Data for processing

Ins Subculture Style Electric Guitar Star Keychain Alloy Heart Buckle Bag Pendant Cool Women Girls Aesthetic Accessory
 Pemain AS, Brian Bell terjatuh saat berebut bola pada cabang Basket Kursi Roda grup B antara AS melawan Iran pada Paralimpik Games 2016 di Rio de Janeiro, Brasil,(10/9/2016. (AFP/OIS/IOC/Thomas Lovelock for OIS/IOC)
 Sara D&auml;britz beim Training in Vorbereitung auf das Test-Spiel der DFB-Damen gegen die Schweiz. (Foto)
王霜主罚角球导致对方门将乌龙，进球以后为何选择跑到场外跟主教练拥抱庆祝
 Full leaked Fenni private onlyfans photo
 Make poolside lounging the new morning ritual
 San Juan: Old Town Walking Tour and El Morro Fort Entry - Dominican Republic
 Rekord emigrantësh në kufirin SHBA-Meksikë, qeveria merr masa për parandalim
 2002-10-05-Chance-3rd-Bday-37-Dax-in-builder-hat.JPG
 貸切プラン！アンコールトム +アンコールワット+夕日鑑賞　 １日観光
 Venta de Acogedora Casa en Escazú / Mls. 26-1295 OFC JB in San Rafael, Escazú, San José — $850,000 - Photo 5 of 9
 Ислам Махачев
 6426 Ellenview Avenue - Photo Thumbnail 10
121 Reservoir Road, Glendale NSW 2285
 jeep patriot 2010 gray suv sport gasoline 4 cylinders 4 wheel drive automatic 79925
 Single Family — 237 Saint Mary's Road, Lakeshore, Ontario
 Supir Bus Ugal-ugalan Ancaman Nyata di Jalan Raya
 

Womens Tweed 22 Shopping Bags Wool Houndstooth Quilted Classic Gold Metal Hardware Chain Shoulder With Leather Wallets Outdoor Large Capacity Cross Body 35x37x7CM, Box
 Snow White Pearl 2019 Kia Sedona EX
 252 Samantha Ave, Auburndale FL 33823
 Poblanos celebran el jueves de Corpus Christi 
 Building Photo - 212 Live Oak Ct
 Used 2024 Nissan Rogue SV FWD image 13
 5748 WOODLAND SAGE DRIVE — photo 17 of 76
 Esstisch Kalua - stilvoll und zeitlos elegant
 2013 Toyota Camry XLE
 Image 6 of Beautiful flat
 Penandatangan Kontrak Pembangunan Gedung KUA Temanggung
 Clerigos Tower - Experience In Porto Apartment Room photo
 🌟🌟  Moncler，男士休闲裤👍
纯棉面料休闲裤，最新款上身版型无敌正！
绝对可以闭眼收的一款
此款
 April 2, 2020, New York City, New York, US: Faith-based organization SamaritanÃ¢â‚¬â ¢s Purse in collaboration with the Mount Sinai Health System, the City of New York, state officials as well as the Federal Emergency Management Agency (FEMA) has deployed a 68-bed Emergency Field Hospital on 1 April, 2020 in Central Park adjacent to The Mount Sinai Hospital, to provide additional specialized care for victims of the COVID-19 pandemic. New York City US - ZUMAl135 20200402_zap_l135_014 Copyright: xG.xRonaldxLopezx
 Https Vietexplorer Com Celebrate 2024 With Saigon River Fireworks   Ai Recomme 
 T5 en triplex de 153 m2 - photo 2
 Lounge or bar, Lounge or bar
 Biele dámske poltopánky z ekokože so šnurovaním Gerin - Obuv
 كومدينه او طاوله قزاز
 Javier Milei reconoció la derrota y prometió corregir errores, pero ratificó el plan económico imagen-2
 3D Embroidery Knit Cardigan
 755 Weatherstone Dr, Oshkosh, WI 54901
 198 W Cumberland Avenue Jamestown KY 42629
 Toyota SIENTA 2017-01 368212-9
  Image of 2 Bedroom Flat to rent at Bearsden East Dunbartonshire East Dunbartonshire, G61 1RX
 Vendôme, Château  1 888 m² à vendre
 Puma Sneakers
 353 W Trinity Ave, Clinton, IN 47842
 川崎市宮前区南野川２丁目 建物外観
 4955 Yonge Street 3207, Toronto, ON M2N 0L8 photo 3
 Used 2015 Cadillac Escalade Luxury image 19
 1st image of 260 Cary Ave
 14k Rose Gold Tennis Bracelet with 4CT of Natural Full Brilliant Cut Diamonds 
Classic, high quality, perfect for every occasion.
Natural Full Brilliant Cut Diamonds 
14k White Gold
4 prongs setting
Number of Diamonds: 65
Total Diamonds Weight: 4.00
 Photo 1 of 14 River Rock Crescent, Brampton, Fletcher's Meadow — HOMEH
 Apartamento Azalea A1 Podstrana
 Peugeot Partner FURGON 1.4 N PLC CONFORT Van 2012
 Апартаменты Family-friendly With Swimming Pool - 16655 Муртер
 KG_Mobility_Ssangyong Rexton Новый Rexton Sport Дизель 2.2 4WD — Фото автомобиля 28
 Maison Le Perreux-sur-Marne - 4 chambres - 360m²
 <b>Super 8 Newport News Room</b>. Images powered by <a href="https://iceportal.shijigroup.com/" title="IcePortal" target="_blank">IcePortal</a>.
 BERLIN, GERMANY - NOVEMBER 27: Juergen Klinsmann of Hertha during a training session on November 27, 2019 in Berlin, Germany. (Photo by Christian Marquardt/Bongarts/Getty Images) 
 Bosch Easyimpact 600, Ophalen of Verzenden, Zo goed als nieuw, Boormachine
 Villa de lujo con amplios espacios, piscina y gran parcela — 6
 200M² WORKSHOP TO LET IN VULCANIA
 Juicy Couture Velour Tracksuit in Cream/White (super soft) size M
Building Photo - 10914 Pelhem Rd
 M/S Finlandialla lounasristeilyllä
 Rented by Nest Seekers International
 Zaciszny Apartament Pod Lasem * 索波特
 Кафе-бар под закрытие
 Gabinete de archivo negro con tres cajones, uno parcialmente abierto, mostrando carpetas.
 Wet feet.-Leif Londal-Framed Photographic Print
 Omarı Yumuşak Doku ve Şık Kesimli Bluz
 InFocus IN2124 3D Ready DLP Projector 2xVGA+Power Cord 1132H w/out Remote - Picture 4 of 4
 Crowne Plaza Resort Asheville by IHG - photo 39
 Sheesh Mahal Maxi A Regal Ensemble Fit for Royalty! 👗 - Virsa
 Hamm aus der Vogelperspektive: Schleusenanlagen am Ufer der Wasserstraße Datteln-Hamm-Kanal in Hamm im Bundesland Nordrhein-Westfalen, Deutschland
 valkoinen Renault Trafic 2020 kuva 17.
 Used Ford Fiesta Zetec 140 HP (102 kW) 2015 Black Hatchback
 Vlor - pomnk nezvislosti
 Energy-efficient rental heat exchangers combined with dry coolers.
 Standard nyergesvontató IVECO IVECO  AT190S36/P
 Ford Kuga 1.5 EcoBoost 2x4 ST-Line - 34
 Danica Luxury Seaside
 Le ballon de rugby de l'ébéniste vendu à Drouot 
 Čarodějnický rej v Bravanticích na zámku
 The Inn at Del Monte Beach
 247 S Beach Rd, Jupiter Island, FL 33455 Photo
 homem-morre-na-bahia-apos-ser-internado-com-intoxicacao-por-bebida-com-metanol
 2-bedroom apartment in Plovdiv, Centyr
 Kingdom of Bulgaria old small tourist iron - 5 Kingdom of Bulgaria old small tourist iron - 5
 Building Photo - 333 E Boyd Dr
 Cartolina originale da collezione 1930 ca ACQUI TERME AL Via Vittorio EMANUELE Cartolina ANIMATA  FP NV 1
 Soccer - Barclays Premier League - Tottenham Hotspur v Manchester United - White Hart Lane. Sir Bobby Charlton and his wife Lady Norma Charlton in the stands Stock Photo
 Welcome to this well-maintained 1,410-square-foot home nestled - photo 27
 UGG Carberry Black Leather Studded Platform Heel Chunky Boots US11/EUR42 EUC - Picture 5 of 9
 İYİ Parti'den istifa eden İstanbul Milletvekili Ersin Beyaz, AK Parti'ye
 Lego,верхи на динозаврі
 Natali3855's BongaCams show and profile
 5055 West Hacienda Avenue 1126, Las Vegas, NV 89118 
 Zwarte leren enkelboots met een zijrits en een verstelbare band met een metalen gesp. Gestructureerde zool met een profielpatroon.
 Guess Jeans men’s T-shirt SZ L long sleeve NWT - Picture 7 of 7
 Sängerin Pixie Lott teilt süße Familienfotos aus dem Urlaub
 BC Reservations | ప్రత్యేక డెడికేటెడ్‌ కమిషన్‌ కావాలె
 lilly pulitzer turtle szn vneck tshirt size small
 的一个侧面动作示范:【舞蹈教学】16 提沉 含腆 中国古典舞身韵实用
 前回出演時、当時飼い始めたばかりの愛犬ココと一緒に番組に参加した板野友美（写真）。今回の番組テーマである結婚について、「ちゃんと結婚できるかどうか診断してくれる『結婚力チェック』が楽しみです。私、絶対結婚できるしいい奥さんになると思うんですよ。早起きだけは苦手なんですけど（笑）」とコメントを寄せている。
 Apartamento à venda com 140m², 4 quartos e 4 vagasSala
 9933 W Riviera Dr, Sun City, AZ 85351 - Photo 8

Work to be completed
Gather each line in these records that contains the string "Used".

Written response
 Used 2024 Nissan Rogue SV FWD image 13
 Used 2015 Cadillac Escalade Luxury image 19
 Used Ford Fiesta Zetec 140 HP (102 kW) 2015 Black Hatchback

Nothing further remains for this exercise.